The problem: Please give back exactly the line with "孝南电动升降机厂家-选移动剪叉升降机厂家与登高车必看实用指南" and each line after it through the end of the material, leaving out the pictures.

Data provided:
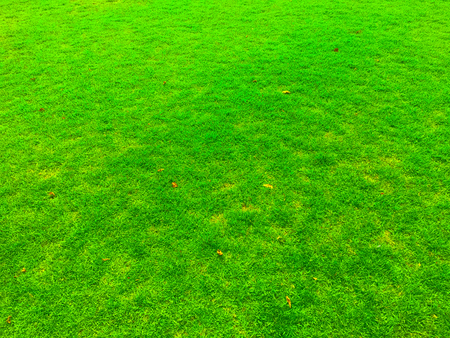 Lawn and textureの写真素材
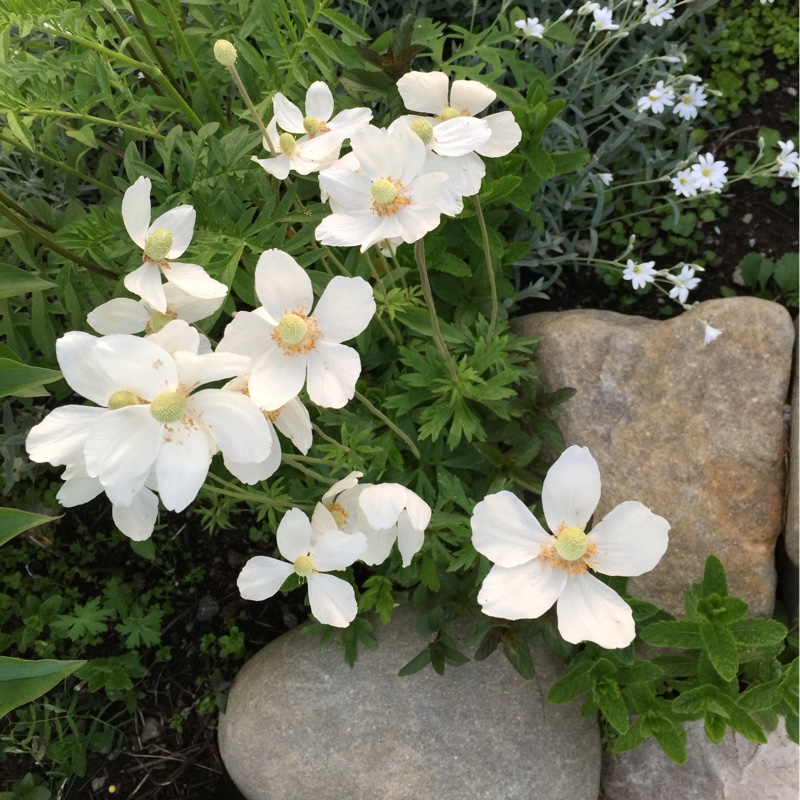 Japanese Anemone 'Honorine Jobert'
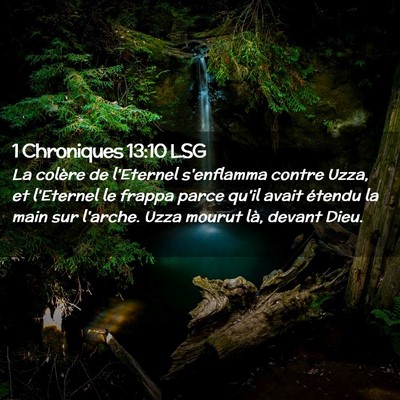 Picture 02 - 1 Chroniques 13:10 LSG - La colère de l'Eternel s'enflamma contre Uzza, - Bible Verse Picture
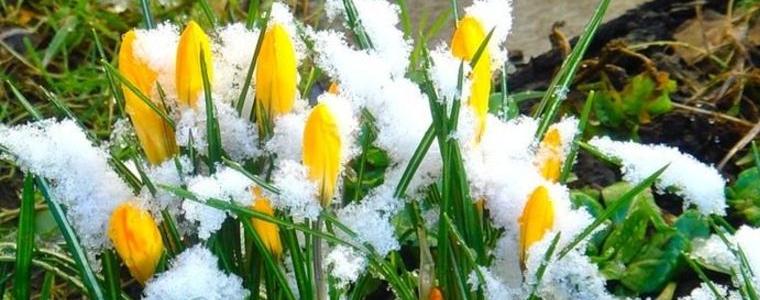До 11 градуса в края на седмицата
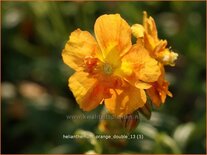 Helianthemum &#39;Orange Double&#39;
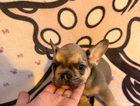 puppy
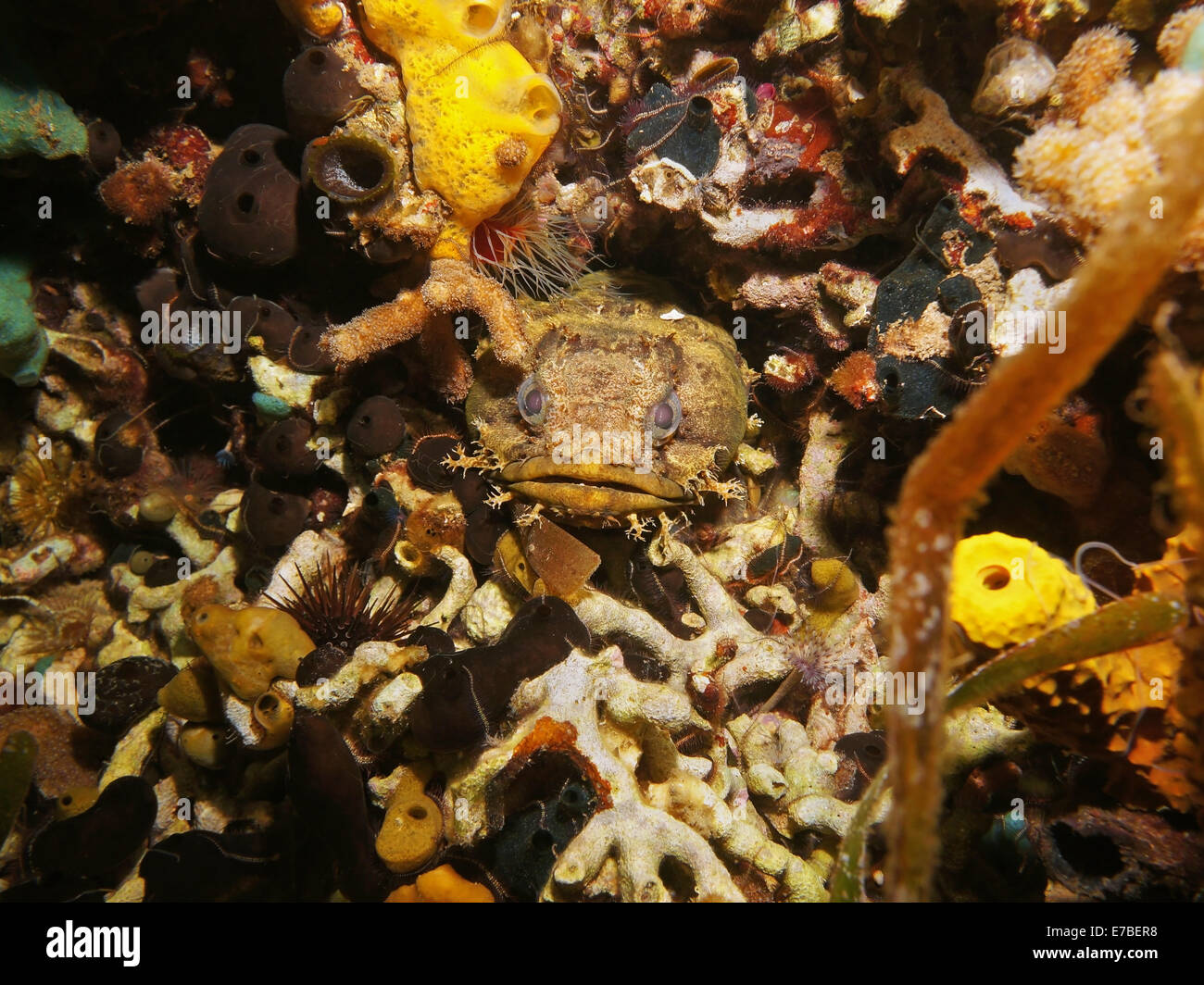 Fischkopf der Oyster Krötenfisch versteckt in einem Loch, Karibik, Panama, Mittelamerika Stockfoto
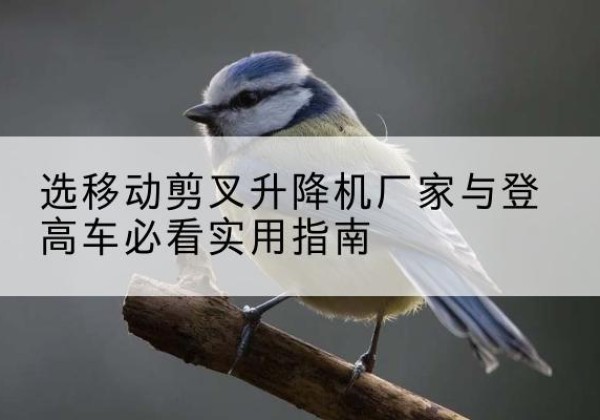 孝南电动升降机厂家-选移动剪叉升降机厂家与登高车必看实用指南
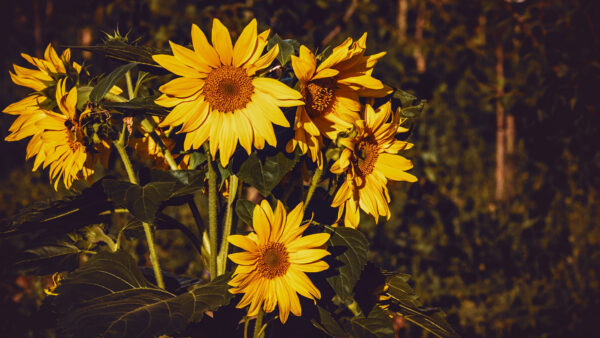 Wallpaper Sunflower, Desktop, Flowers, Spring, Background, Yellow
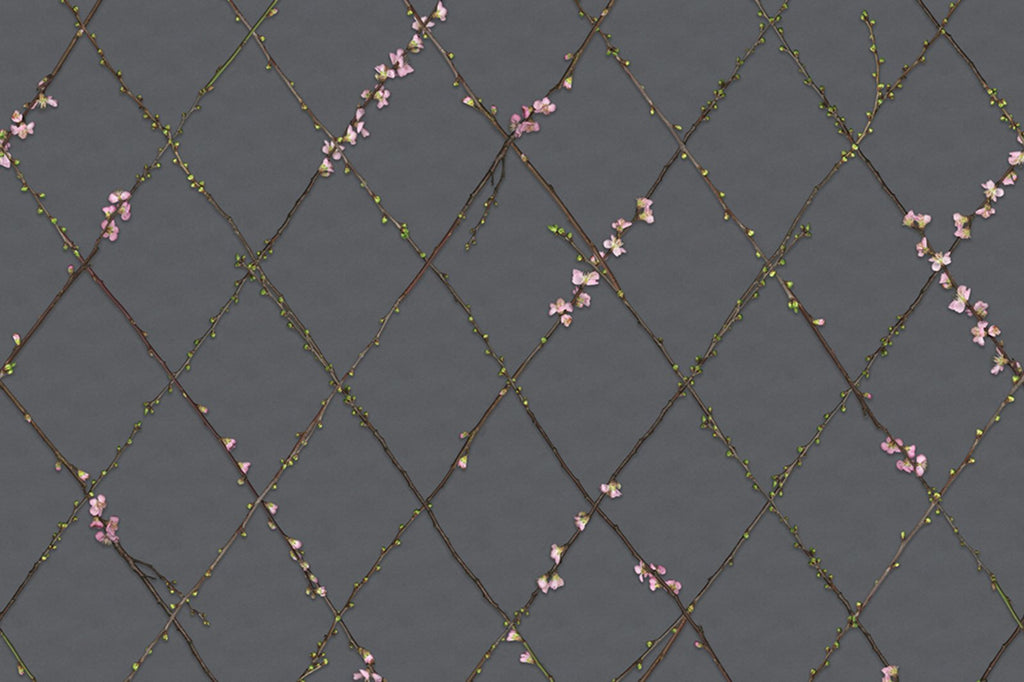 Close up of Winding Spring Wallpaper features Delicate flowers and small buds creep along diamond-shaped vines set amongst a dark background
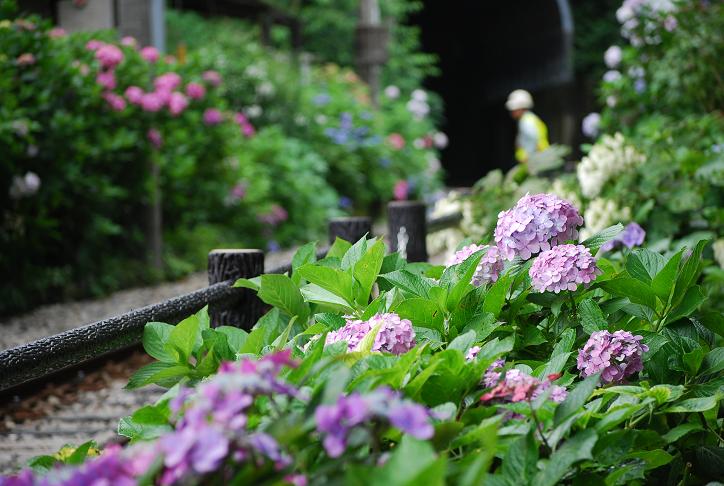 江ノ電　～御霊神社にて　（6月22日）_d0085228_21776.jpg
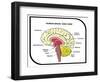 Human Brain Diagram-udaix-Framed Art Print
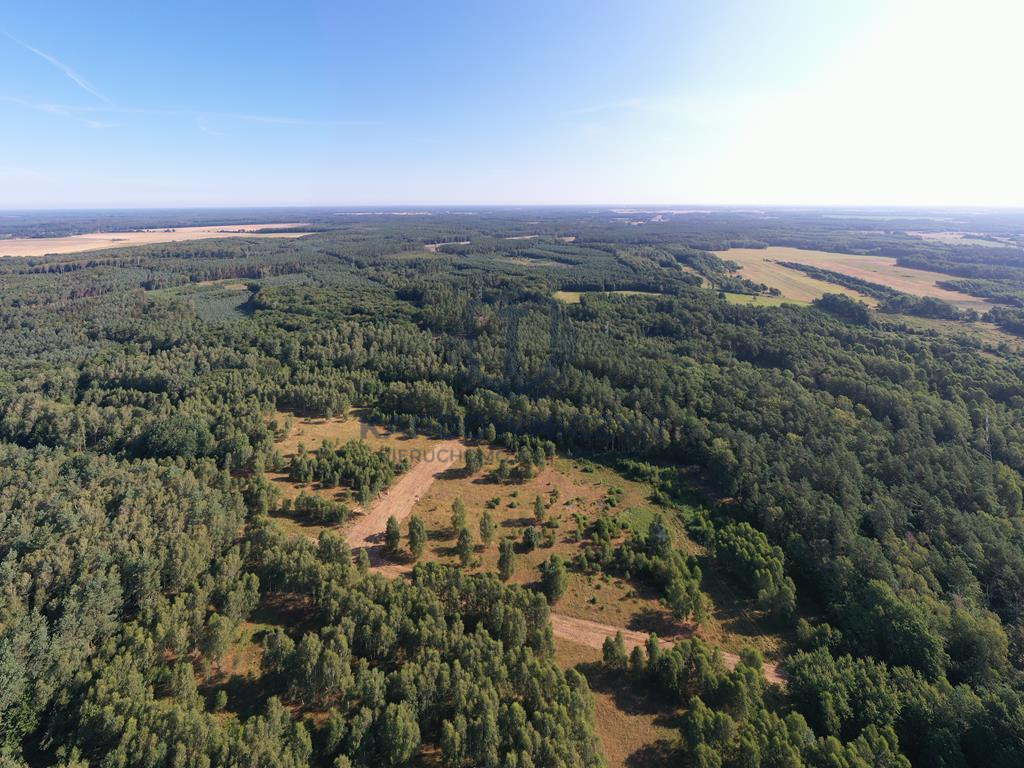 Działka Sprzedaż Osina 3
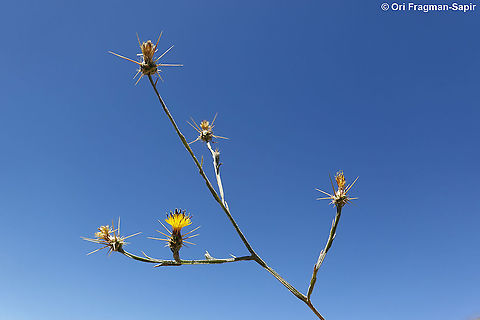 Centaurea solstitialis  Centaurea solstitialis,Geotagged,Spring,Yellow star-thistle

Answer for this exercise:
 孝南电动升降机厂家-选移动剪叉升降机厂家与登高车必看实用指南
 Wallpaper Sunflower, Desktop, Flowers, Spring, Background, Yellow
 Close up of Winding Spring Wallpaper features Delicate flowers and small buds creep along diamond-shaped vines set amongst a dark background
 江ノ電　～御霊神社にて　（6月22日）_d0085228_21776.jpg
 Human Brain Diagram-udaix-Framed Art Print
 Działka Sprzedaż Osina 3
 Centaurea solstitialis  Centaurea solstitialis,Geotagged,Spring,Yellow star-thistle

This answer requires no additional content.